Approximately one third of all charter schools are "non-classroom based.'' This means that charter schools help to alleviate the facilities problem, outlined in the new PRI study No Place to Learn: California's School Facilities Crisis. Nothing in the California constitution dictates that learning must take place on elaborately landscaped campuses. As noted educator Marva Collins has noted, buildings do not teach children.
Charter schools, the LAO found, are less likely to report using a salary schedule to determine teacher pay. They are also "significantly less likely'' (32 percent versus 83 percent in the broader system) to engage in collective bargaining agreements with teacher unions. This is why teacher unions hate charter schools. They want teachers to be assigned by seniority, and don't like the idea of principals matching teachers with student needs.
Teachers, however, are more involved in decision making at charters, participate in more professional development, and believe that they are treated with greater respect. Both teachers and principals work an average of five more days per year than their counterparts in matched traditional public schools.

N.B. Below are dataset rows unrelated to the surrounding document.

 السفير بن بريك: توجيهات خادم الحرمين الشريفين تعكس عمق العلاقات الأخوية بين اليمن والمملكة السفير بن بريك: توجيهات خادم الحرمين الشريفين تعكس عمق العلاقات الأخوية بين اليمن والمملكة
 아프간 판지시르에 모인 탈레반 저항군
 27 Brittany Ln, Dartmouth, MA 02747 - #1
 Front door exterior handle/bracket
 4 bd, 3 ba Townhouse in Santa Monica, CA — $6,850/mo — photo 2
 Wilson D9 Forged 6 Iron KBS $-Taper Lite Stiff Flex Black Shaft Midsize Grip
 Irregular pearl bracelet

The LAO also found that 'start-up'' charter schools are more common than conversion arrangements. This would seem to indication that innovation and motivation are alive and well on the local level, along with dissatisfaction with the status quo.
The LAO study has other facts worthy of attention but one must keep the bigger picture in mind. An economic analogy may help. During an economic downturn, politicians promote special 'enterprise zones,'' with lower regulations and taxes. If this works in special areas, why not make the whole economy an enterprise zone?
Charter schools give parents and students a measure of choice in education and as studies show, this has worked for their benefit. Why not expand the choice zone to the entire system? There is certainly room to grow.
In California, charter schools serve only a paltry 2.2 percent of the entire K-12 enrollment. That means not enough students are benefiting from what the LAO calls a viable reform that enhances families' choice.
Legislators should make it easier to start charter schools and work toward full educational choice for all. That's a basic freedom every child deserves.